Cultural resistance: Art, music, and storytelling continue to sustain our communities and imagine futures beyond extraction and exploitation.
What You Can Do
Whether you're reading this from the borderlands or beyond, here are ways to stand in solidarity:
Support indigenous-led environmental justice organizations fighting extractive industries
Research where the materials in your technology come from and demand supply chain transparency
Amplify Indigenous voices in conversations about technological and environmental futures
Divest from companies with histories of environmental racism and exploitation
Share traditional ecological knowledge and sustainable practices within your own communities
Pressure elected officials to prioritize clean water and air for all communities
La lucha sigue. The struggle continues, but so do our resistance, our creativity, and our commitment to a world where technology serves justice rather than concentrates power.
I write this not just as a critique but as an invitation to imagine a technology that honors the earth and all her people. The rockets may explode, the stocks may fall, and the platforms may crash, but our communities will continue to build futures rooted in reciprocity rather than extraction.

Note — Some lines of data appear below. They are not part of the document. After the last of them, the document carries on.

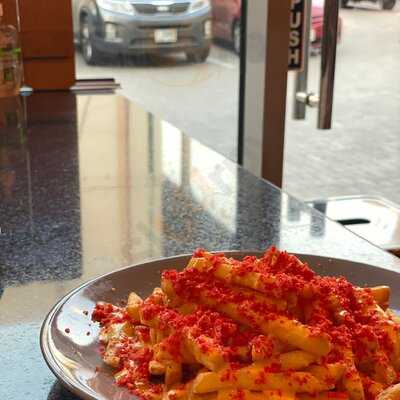 ‪status Kitchen‬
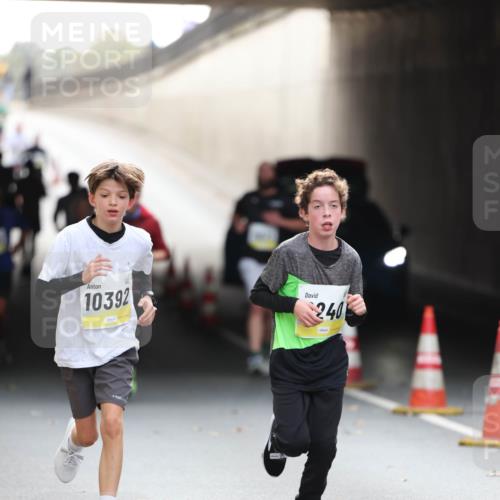 05.10.2025 - 20. swb-Marathon Bremen Michael Strokosch http://msf.ph/oto/9211386 05.10.2025 10:44:09 Laufen 10392, 240 meine-sportfotos.de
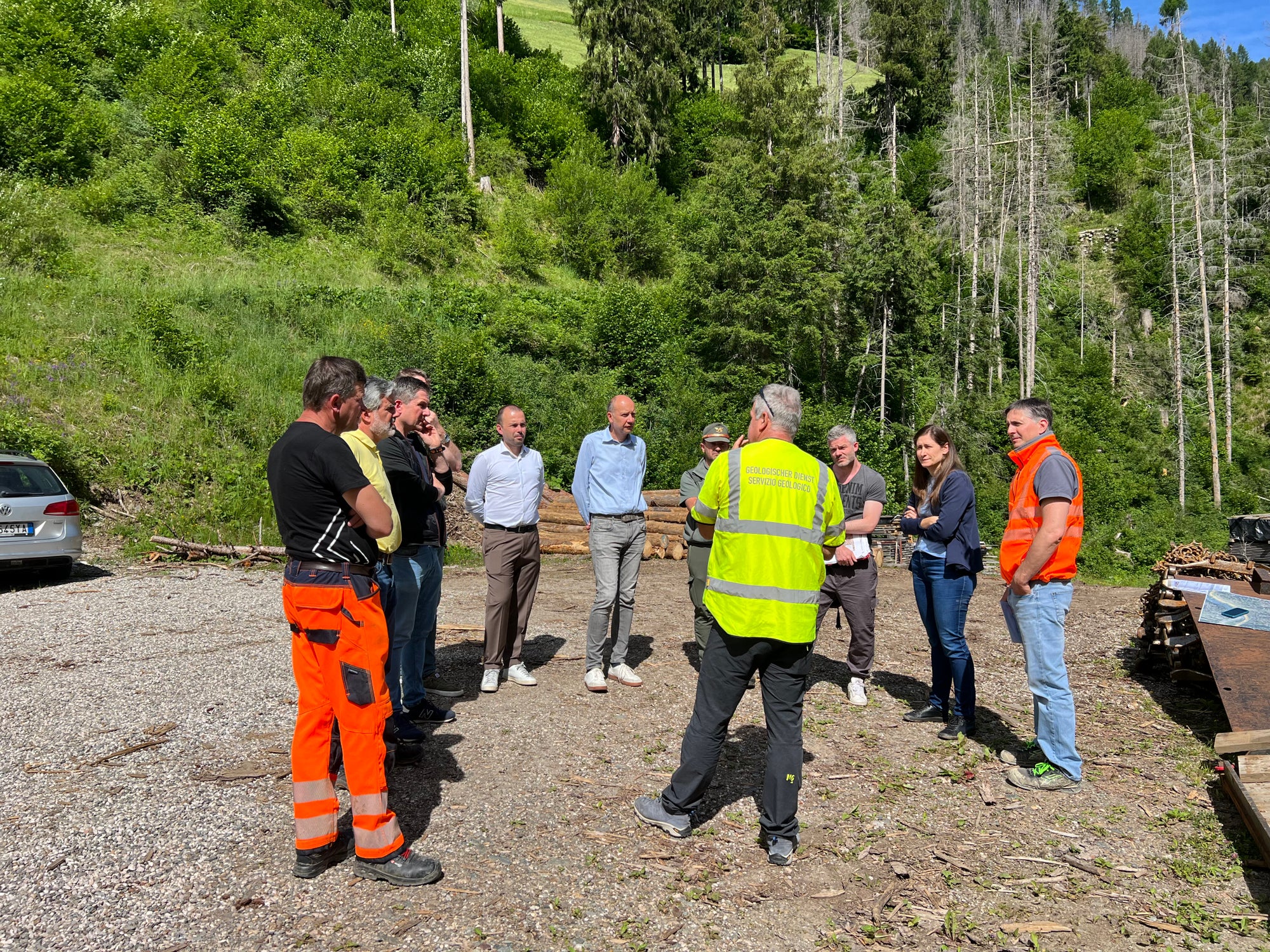 Al sopralluogo hanno partecipato rappresentanti del Servizio strade Val Pusteria, dell’Ufficio Geologia e prove materiali, del Servizio forestale, dell’Ufficio tecnico strade nord/est, dello Studio Plan Team e il geologo incaricato. Sulla base delle valutazioni effettuate sul posto, saranno avviati interventi celeri per ridurre il rischio nei due punti individuati. (Foto: USP/Dipartimento Infrastrutture e Mobilità)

Estamos aquí. Siempre hemos estado aquí. Y aquí seguiremos.
We are here. We have always been here. And here we will remain.
What do you think? Leave your thoughts in the comments below:
How do you see the connection between technological "innovation" and environmental justice in your own community?
What alternative models of technology development would better serve marginalized communities and protect the earth?
Three Sonorans writes from O'odham and Yaqui territory in what is now Tucson, Arizona. His work examines the intersections of technology, environmental justice, and Indigenous sovereignty in the borderlands. This blog documents grassroots movements during the Trump presidency.
I urge readers to scroll down to The Real Cost of Technological "Progress" and pay particular attention to all the points listed, most notably this one: << Indigenous sacred sites destroyed for lithium and rare earth mineral extraction. >>
This is painfully true also in Chile: cf., https://www.npr.org/2025/02/23/nx-s1-5266009/chile-lithium-mineral-atacama-desert. Then again, the powerful, uber-wealthy white people have never been particularly concerned about the plight of indigenous people anywhere (including the USA and Chile).